The FACE awards seek to determine the ‘Beauty Vlogger of the Year on YouTube’, a title which is accompanied by a $25,000 prize and is voted for by consumers.
The continuation of the awards into their third year confirms the ongoing rise of the vlogging platform in the cosmetics marketing and retail space.
Social platform
The rise of vlogging’s popularity participates in the increasingly social media–focused beauty retail landscape, which has seen consumers increasingly researching products online prior to purchase, in a trend dubbed ‘Informed Shopping’ by Datamonitor’s Ramaa Chipalkatti.
YouTube’s top 15 beauty vloggers now hold an average of 2.1 million channel subscribers each, and these numbers continue to grow: major brands, however, control only 3% of the site’s beauty video content of 14.9 billion views.
Recently some brands have been making moves to address this, with attempts to enter the vblogging world for themselves.

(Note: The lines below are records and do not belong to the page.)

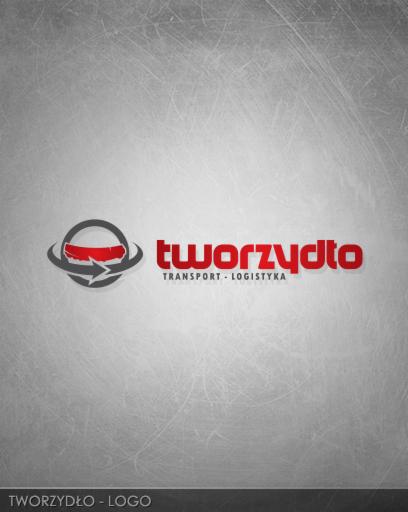 Logo firmy transportowo-logistycznej 'Tworzydło' z czerwonym napisem i symbolem koła z strzałką na szarym, lekko porysowanym tle.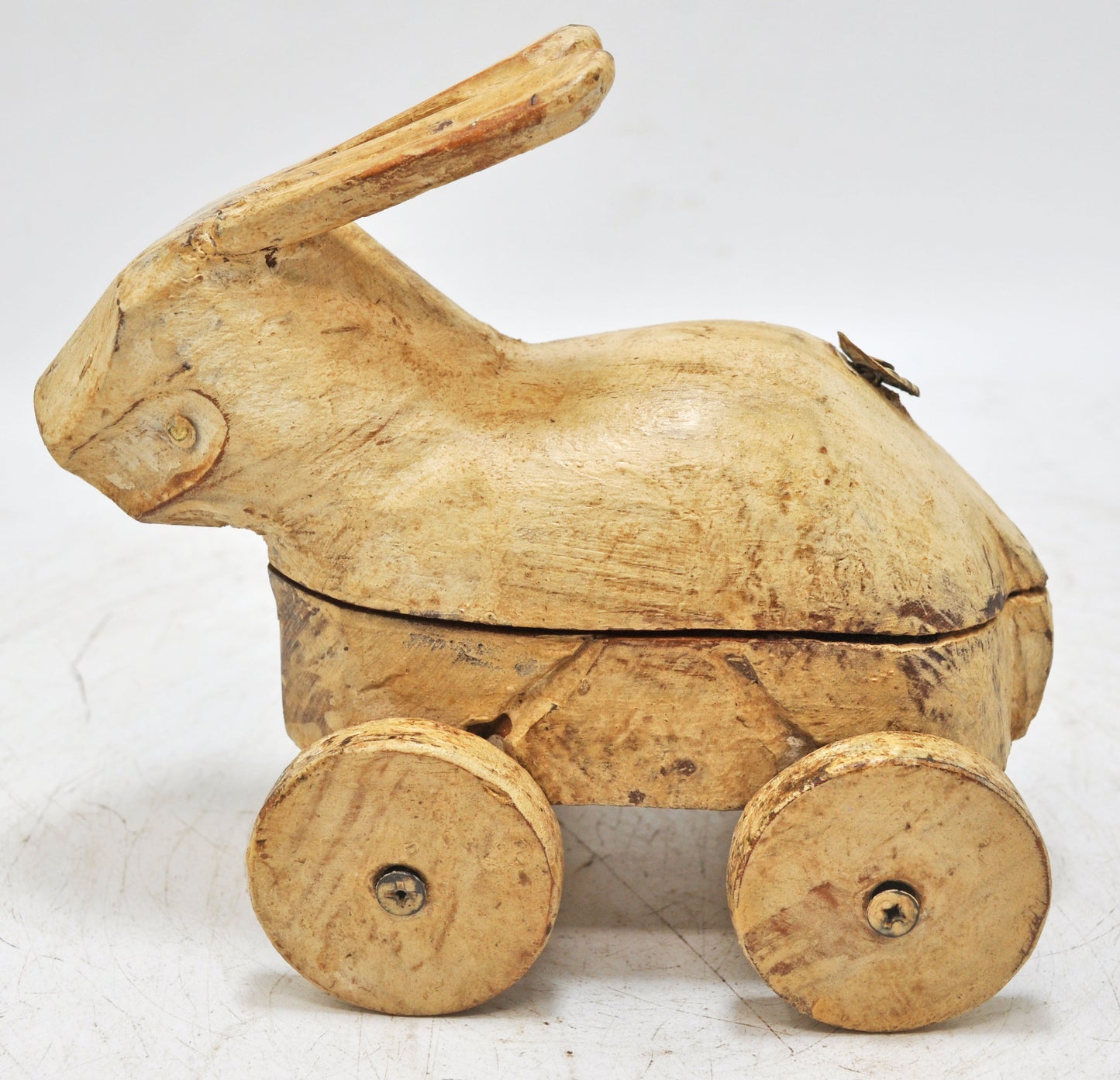 Vintage Wooden Rabbit Figurine on Wheels Original Old Hand Carved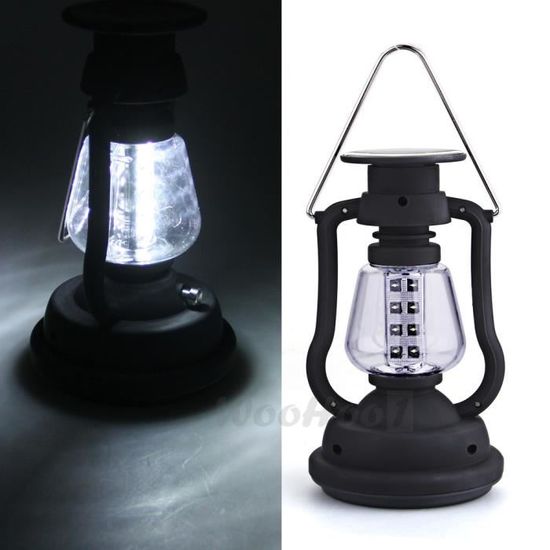 Lampe Lanterne à 16 LEDs Lumière Blanc Solaire Dynamo pour Camping Baladeuse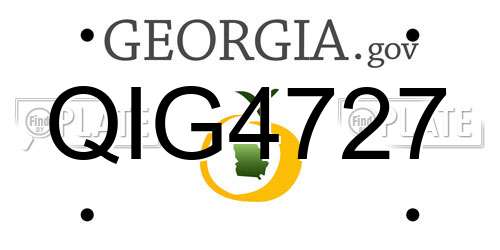 QIG4727 Georgia License Plate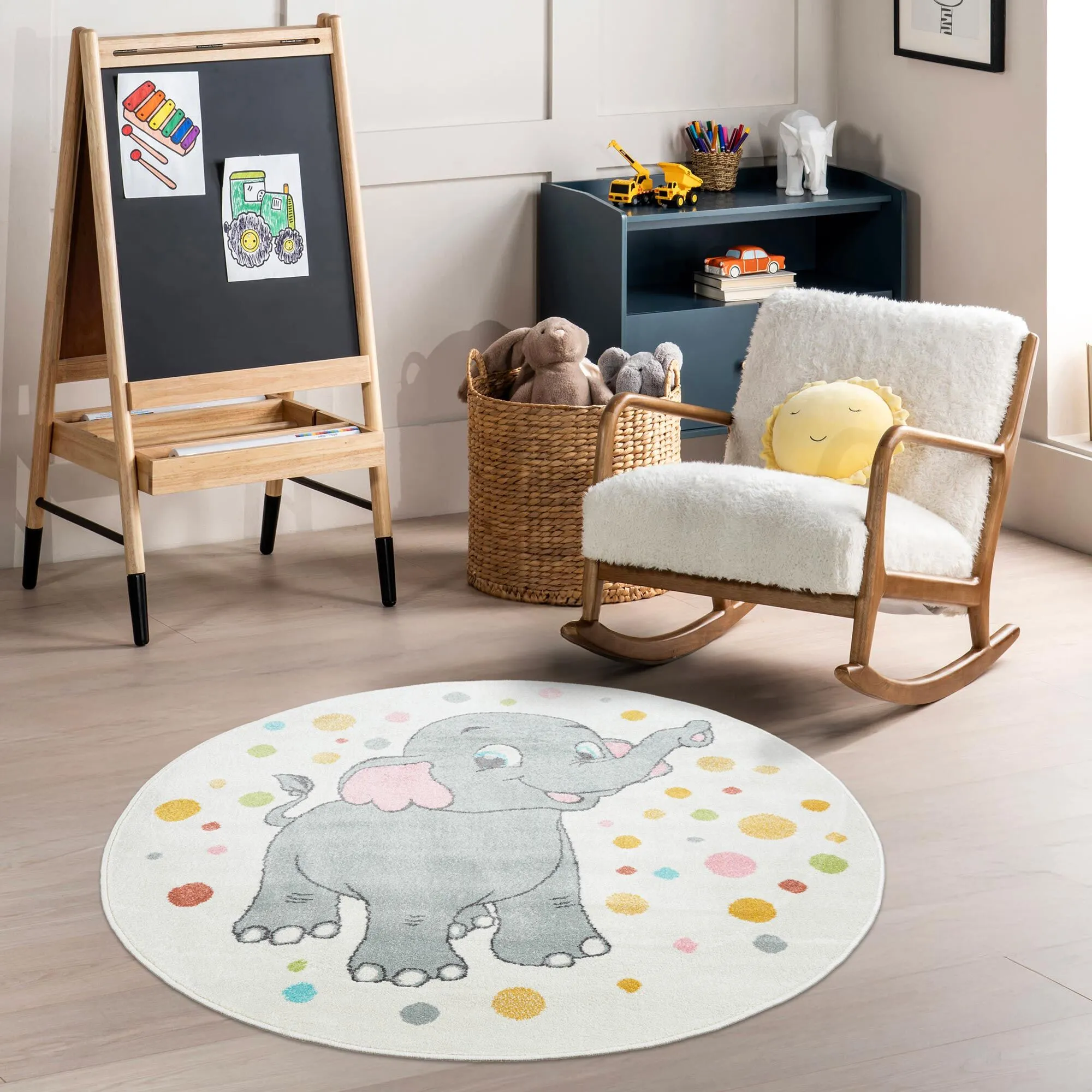 Large View Candy Elephant Kids Round Rug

Brands stepping up to the mark
Unilever’s new ‘All Things Hair’ channel, for example, looks set to prove a vblogging avenue for future video content for the company,
“It’s much more engaging for the user and goes some way to competing against vloggers and other video content that features multiple products,” observed Ashley Friedlein, CEO of internet data firm, Econsultancy.
In a similar move, in Taiwan recently, Google launched its first cosmetics advertising platform via its Google+ Shoppable Hangouts feature.
Described in Want China Times as “a combination of internet technology, social media and online shopping”, the platform will function in a similar fashion to beauty vblogs, with footage of celebrities discussing cosmetics products.
On the right track
Getting up to speed with the tutorial video model offers a key opportunity for beauty brands going digital, McGugan suggests, and one from which they can easily profit.
“Vbloggers are doing better [than cosmetics brands] because they’re being authentic, they’re delivering a benefit, and they’re pushing out regular content. These are solvable problems for major brands,” states McGugan.